Shaocong Dong · Lihe Ding · Xiao Chen · Yaokun Li · Yuxin WANG · Yucheng Wang · Qi WANG · Jaehyeok Kim · Chenjian Gao · Zhanpeng Huang · Zibin Wang · Tianfan Xue · Dan Xu


Abstract:

To generate 3D objects, early research focused on multi-view-driven approaches relying solely on 2D renderings. Recently, the 3D native latent diffusion paradigm has demonstrated superior performance in 3D generation, because it fully leverages the geometric information provided in ground truth 3D data. Despite its fast development, 3D diffusion still faces three challenges. First, the majority of these methods represent a 3D object by one single latent, regardless of its complexity. This may lead to detail loss when generating 3D objects with multiple complicated parts.
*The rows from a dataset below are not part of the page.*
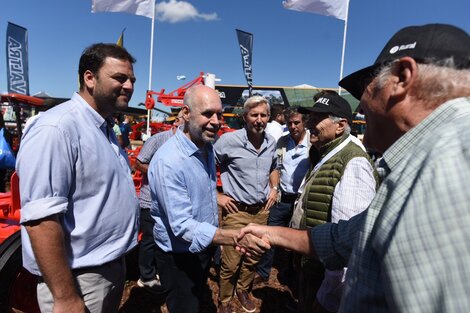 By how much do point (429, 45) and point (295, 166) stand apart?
332 centimetres

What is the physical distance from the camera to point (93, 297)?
5.40 feet

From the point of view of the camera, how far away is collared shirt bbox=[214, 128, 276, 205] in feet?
11.6

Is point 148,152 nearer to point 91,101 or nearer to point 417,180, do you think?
point 91,101

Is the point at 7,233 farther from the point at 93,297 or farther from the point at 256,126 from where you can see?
the point at 256,126

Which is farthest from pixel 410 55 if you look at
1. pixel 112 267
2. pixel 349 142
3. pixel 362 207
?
pixel 112 267

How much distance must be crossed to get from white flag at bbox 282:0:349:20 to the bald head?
10.2 meters

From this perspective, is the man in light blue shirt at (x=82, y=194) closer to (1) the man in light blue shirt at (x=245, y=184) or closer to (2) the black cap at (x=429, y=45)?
(2) the black cap at (x=429, y=45)

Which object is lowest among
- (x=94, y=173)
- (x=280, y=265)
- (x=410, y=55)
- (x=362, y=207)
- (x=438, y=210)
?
(x=280, y=265)

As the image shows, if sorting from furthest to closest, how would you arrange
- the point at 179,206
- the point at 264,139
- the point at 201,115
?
1. the point at 264,139
2. the point at 201,115
3. the point at 179,206

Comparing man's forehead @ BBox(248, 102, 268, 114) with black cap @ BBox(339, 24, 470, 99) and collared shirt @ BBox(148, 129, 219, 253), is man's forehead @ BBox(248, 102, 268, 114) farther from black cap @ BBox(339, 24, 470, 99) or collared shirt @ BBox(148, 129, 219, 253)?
black cap @ BBox(339, 24, 470, 99)

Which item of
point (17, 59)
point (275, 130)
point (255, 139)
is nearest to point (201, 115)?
point (255, 139)

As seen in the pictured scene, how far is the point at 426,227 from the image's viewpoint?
65 centimetres

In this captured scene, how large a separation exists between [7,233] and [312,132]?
2.92 meters

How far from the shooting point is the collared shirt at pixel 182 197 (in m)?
2.01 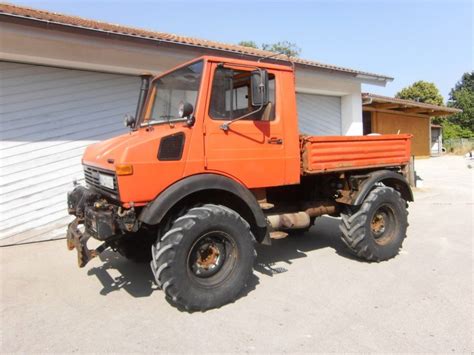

Second, most 3D assets are designed parts by parts, yet the current holistic latent representation overlooks the independence of these parts and their interrelationships, limiting the model's generative ability. Third, current methods rely on global conditions (e.g., text, image, point cloud) to control the generation process, lacking detailed controllability. Therefore, motivated by how 3D designers create a 3D object, we present a new part-based 3D generation framework, CoPart, which represents a 3D object with multiple contextual part latents and simultaneously generates coherent 3D parts. This part-based framework has several advantages, including: i) reduces the encoding burden of intricate objects by decomposing them into simpler parts, ii) facilitates part learning and part relationship modeling, and iii) naturally supports part-level control. Furthermore, to ensure the coherence of part latents and to harness the powerful priors from foundation models, we propose a novel mutual guidance strategy to fine-tune pre-trained diffusion models for joint part latent denoising. Benefiting from the part-based representation, we demonstrate that CoPart can support various applications including part-editing, articulated object generation, and mini-scene generation. Moreover, we collect a new large-scale 3D part dataset named Partverse from Objaverse through automatic mesh segmentation and subsequent human post-annotations. By training on the proposed dataset, CoPart achieves promising part-based 3D generation with high controllability.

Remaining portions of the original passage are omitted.